Task to carry out - The entries below contain pictures. Write out only the lines from the line with "OnDemand MENA platform interface" up to and including the line with "1 yd Cotton", exactly, without them.

Records provided -

────────

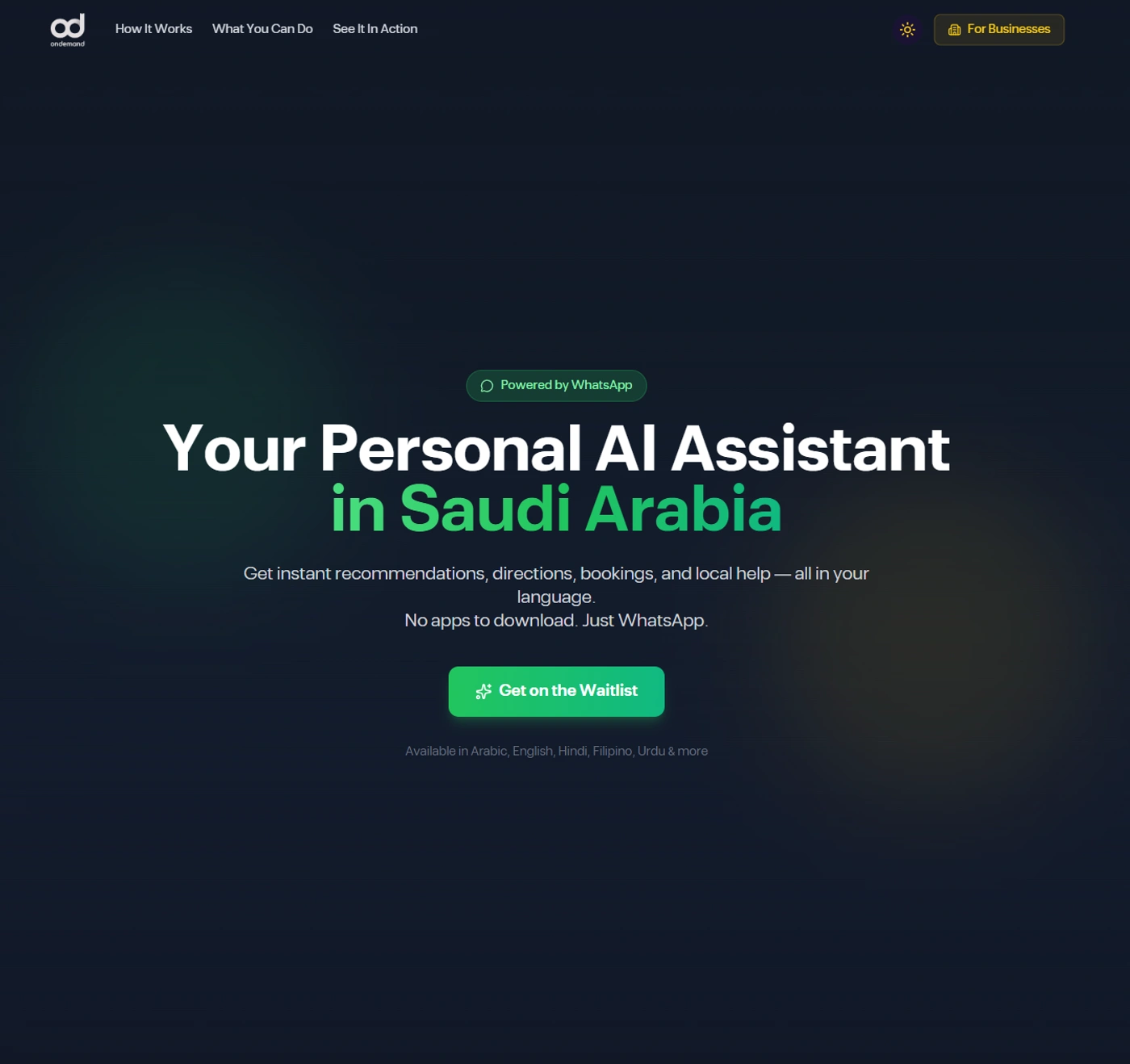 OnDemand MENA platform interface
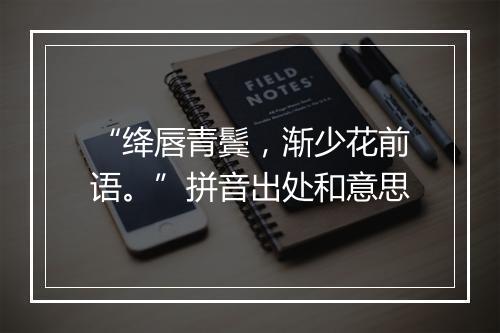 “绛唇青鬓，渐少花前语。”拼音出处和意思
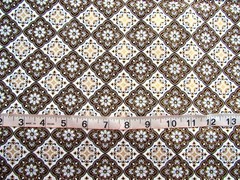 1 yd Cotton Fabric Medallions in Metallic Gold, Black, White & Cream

────────

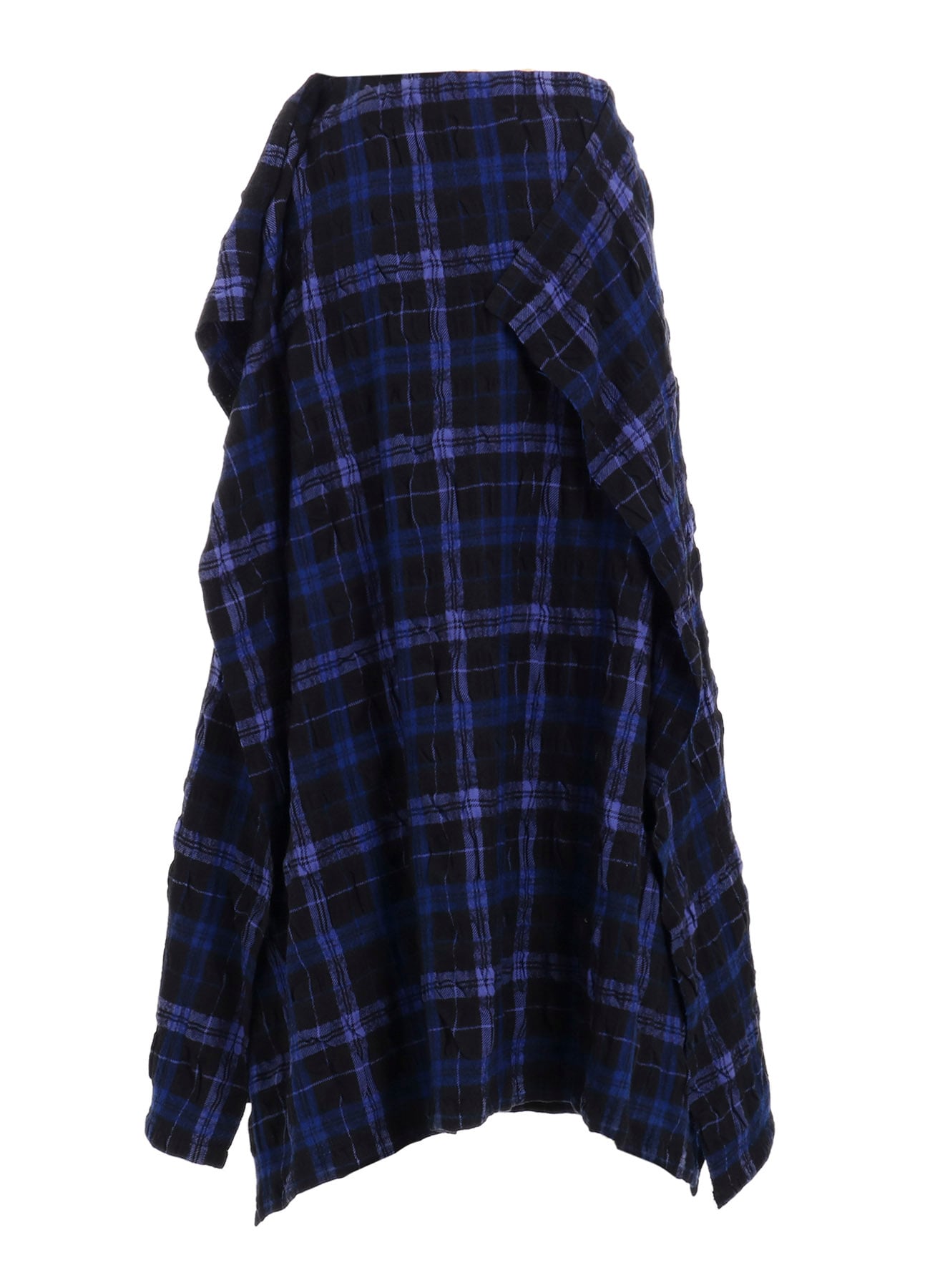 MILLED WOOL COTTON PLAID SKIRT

────────

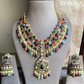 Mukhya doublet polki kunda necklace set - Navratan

────────

Result -
 OnDemand MENA platform interface
 “绛唇青鬓，渐少花前语。”拼音出处和意思
 1 yd Cotton Fabric Medallions in Metallic Gold, Black, White & Cream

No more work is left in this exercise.